-------- Supplied material

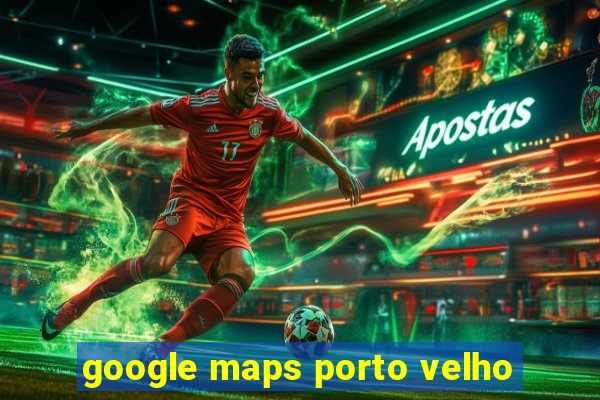 google maps porto velho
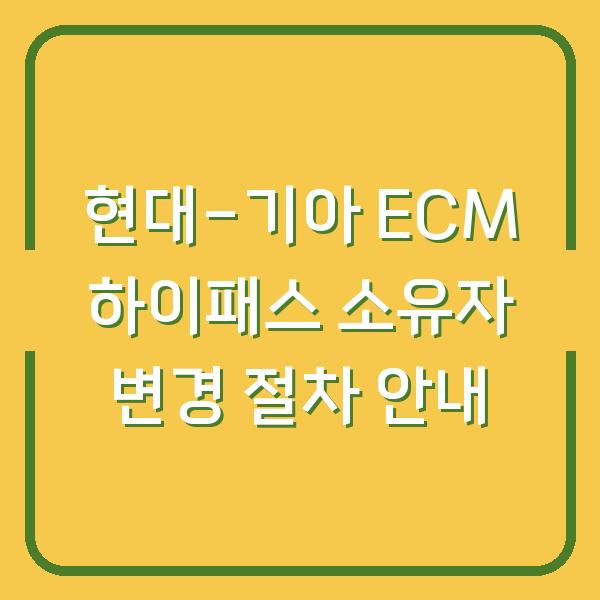 현대-기아 ECM 하이패스 소유자 변경 절차 안내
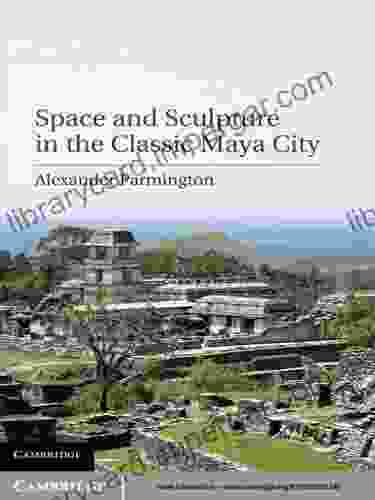 Space And Sculpture In The Classic Maya City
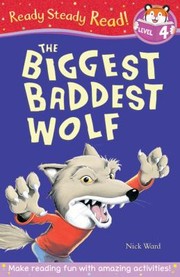 Cover of: The Biggest Baddest Wolf by Nick Ward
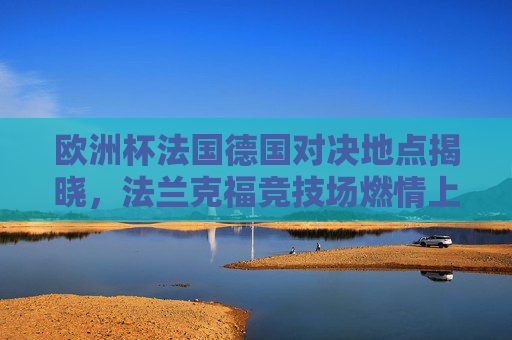 欧洲杯法国德国对决地点揭晓，法兰克福竞技场燃情上演，欧洲杯法国德国对决法兰克福竞技场燃情上演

----------------

## What is required:
Output each entry exactly. Skip the pictures.

## Response below:
 google maps porto velho
 현대-기아 ECM 하이패스 소유자 변경 절차 안내
 Space And Sculpture In The Classic Maya City
 Cover of: The Biggest Baddest Wolf by Nick Ward
 欧洲杯法国德国对决地点揭晓，法兰克福竞技场燃情上演，欧洲杯法国德国对决法兰克福竞技场燃情上演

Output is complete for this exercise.